** What is being asked **
The records are to be copied from the line that contains "A Wooden Table" through their last line, word for word, with every picture left out.

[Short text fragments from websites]
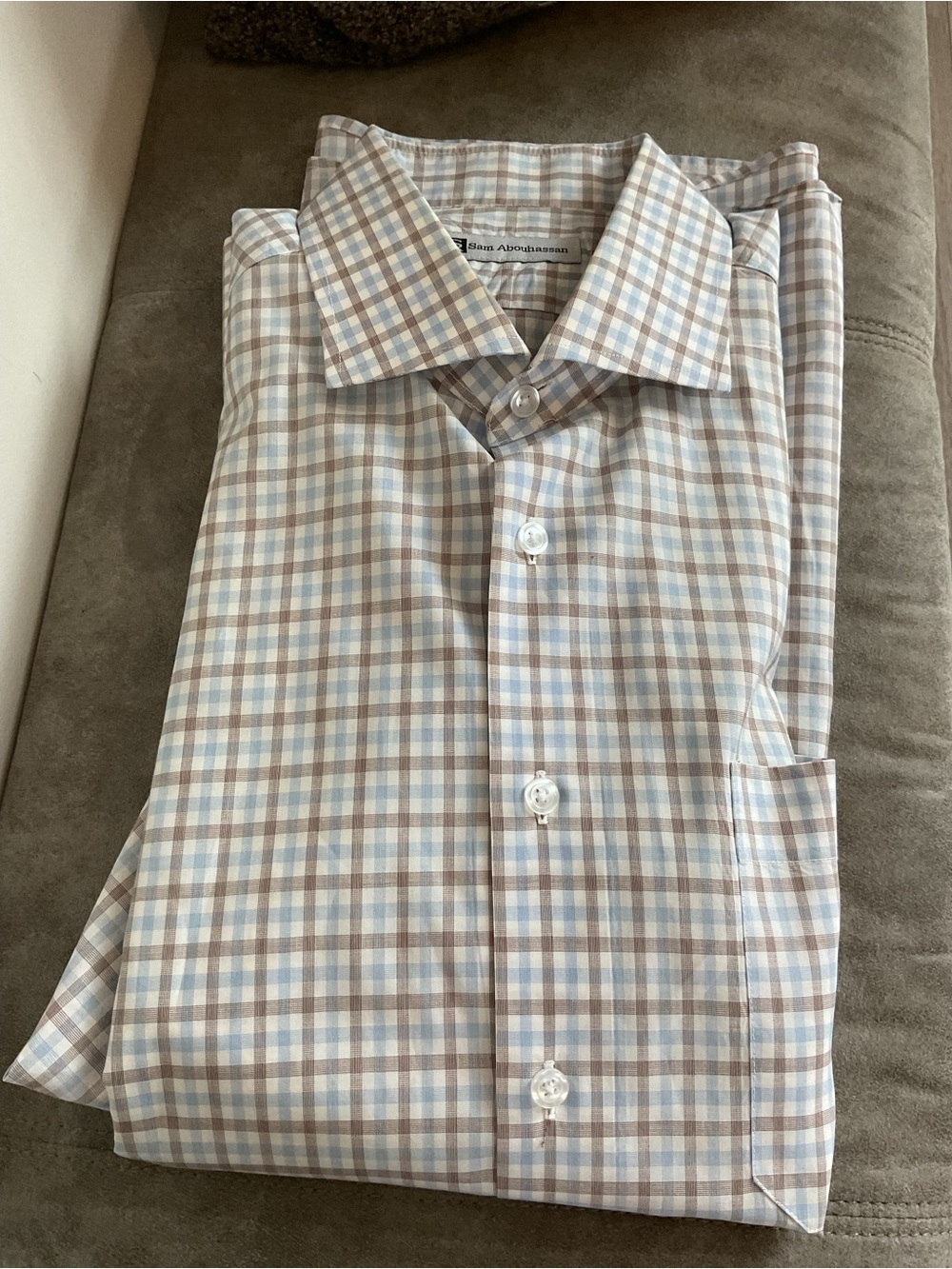 Sam Aboudhassan Custom Fitted Plaid Long-Sleeve Dress Shirt in Light Blue & Tan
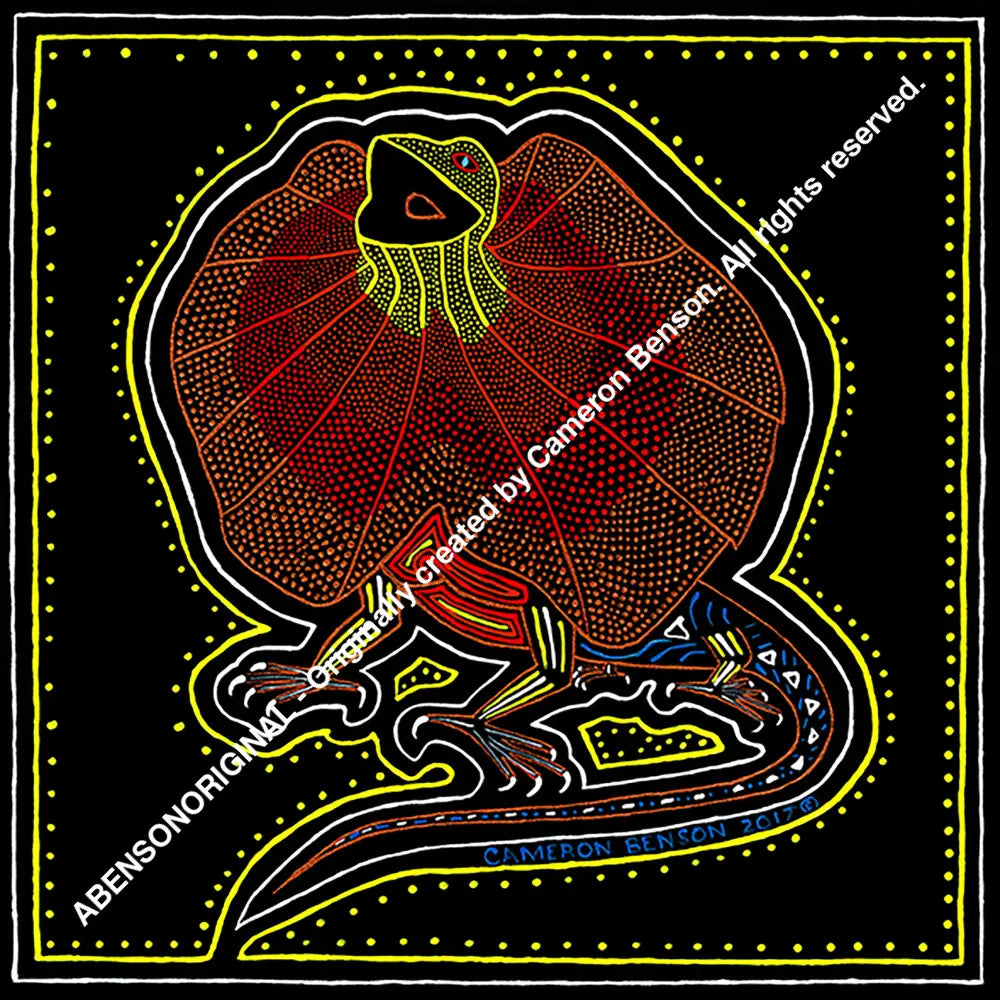 050 Frilled Neck Lizard Acrylic Coaster
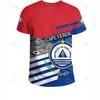 Fashion Women's T-Shirt Recomof Cabo Verde Flag Map 3D Printed T-Shirt Badge Graphic T-Shirt Men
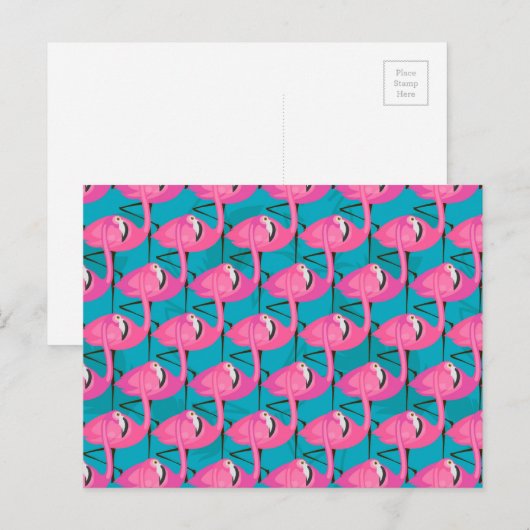 De Flamingo's van het neon Briefkaart (Voorkant / Achterkant)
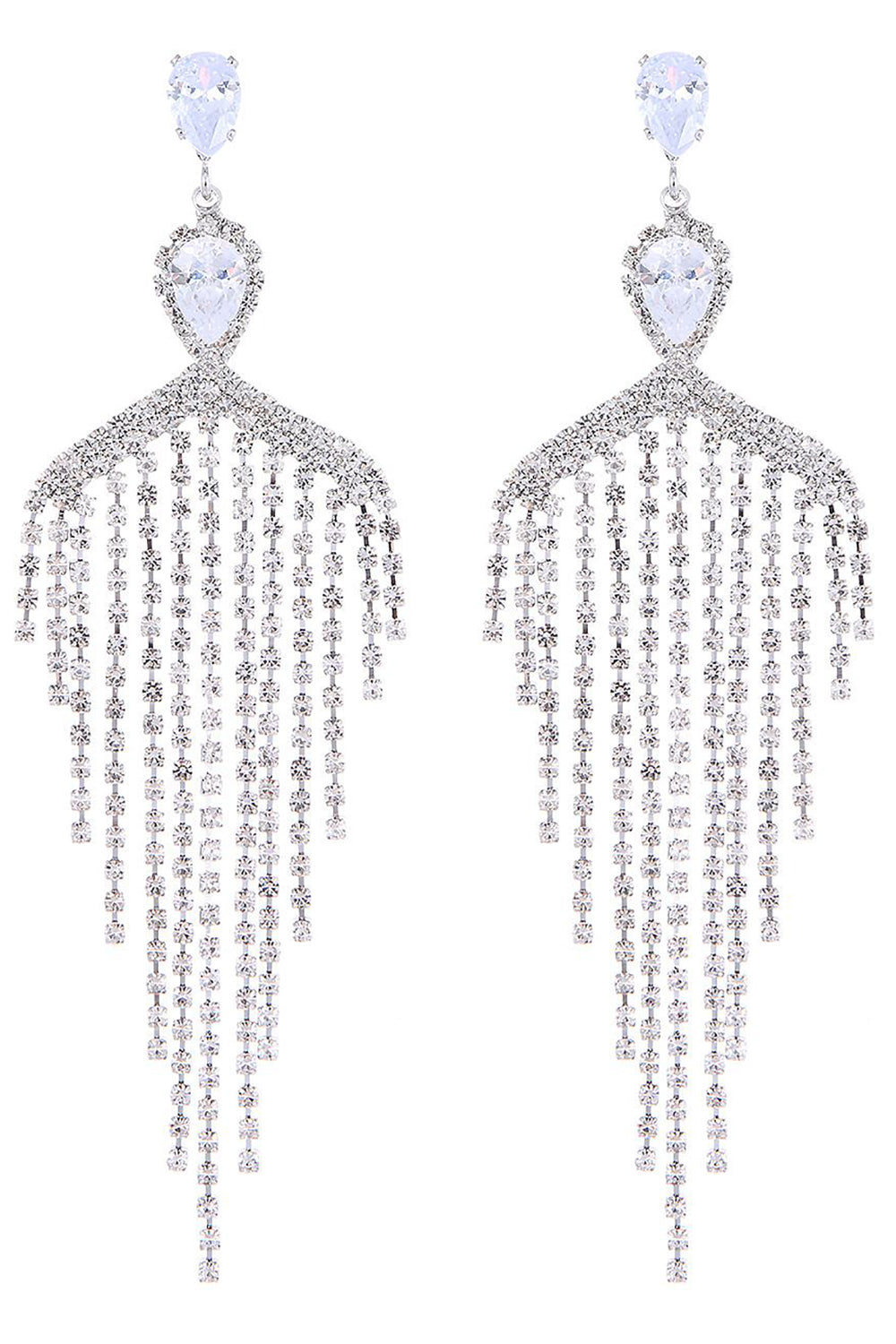 Sølv Zircon Tassel Rhinestones øredobber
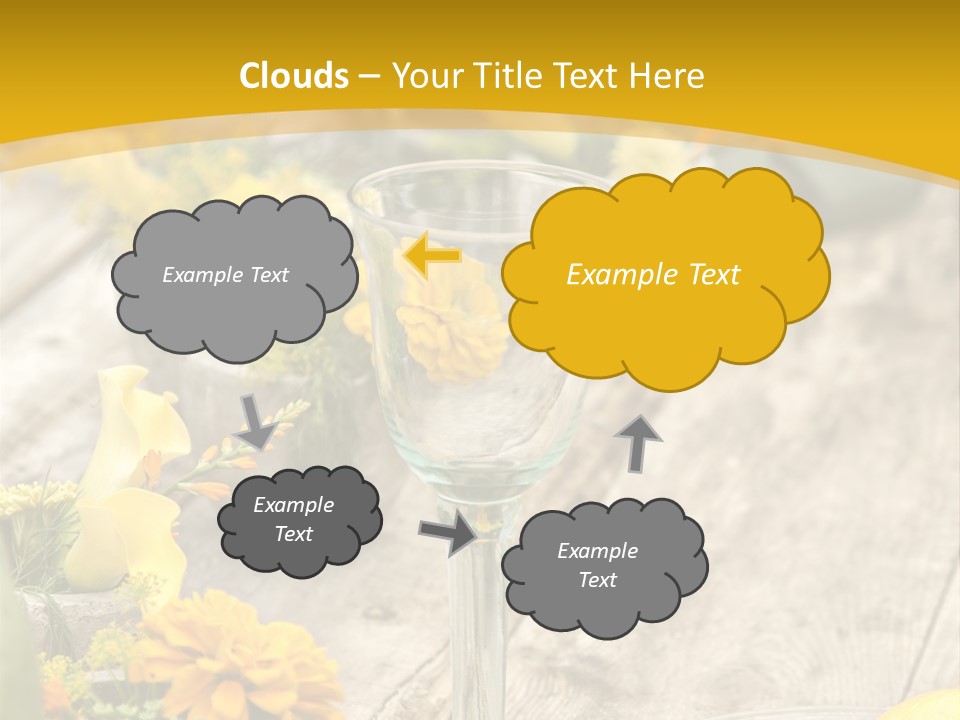 A Wooden Table Topped With Yellow Flowers And Wine Glasses PowerPoint Template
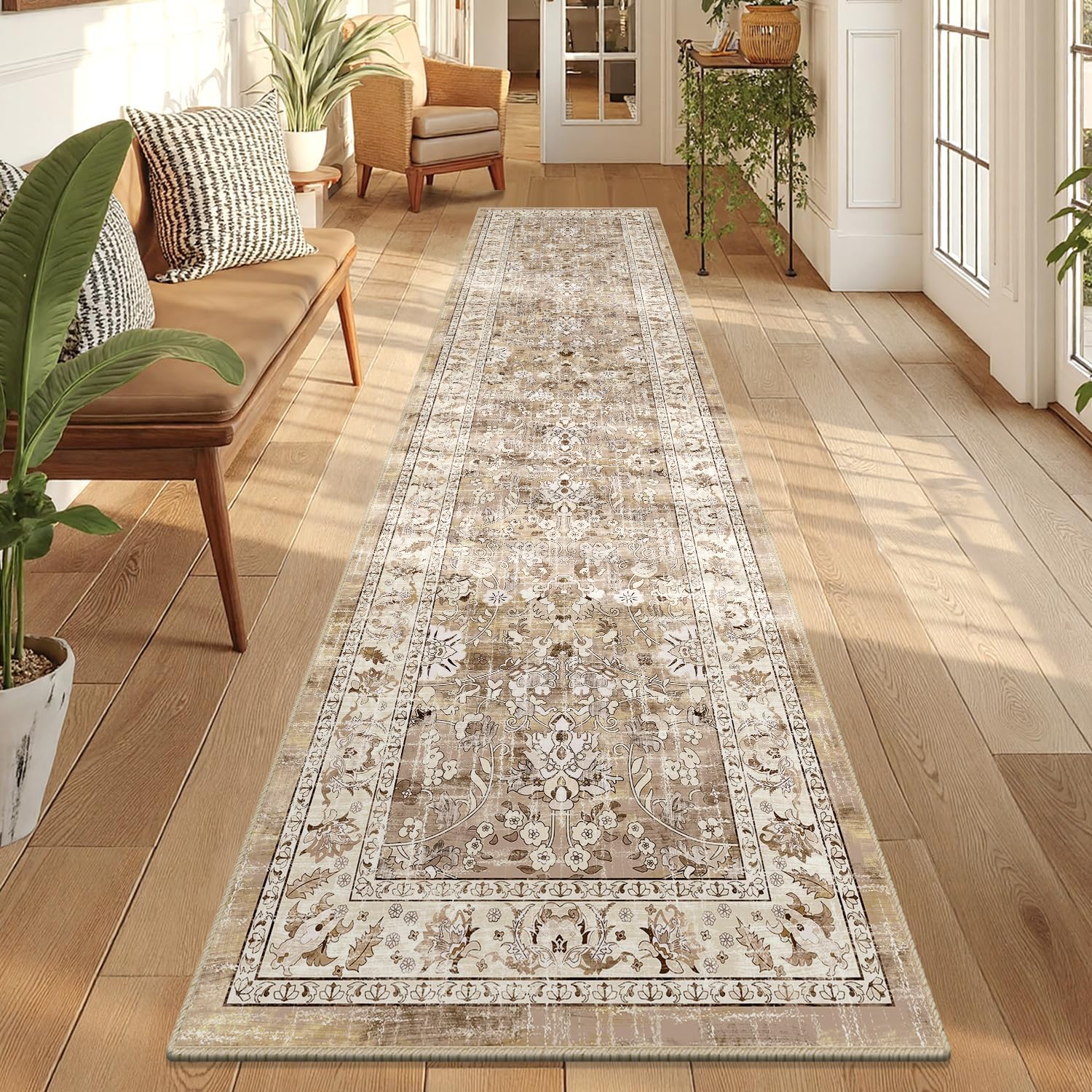 LOKHOM Washable Runner Rug, Vintage Floral Non-Slip Carpet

** Written reply **
 A Wooden Table Topped With Yellow Flowers And Wine Glasses PowerPoint Template
 LOKHOM Washable Runner Rug, Vintage Floral Non-Slip Carpet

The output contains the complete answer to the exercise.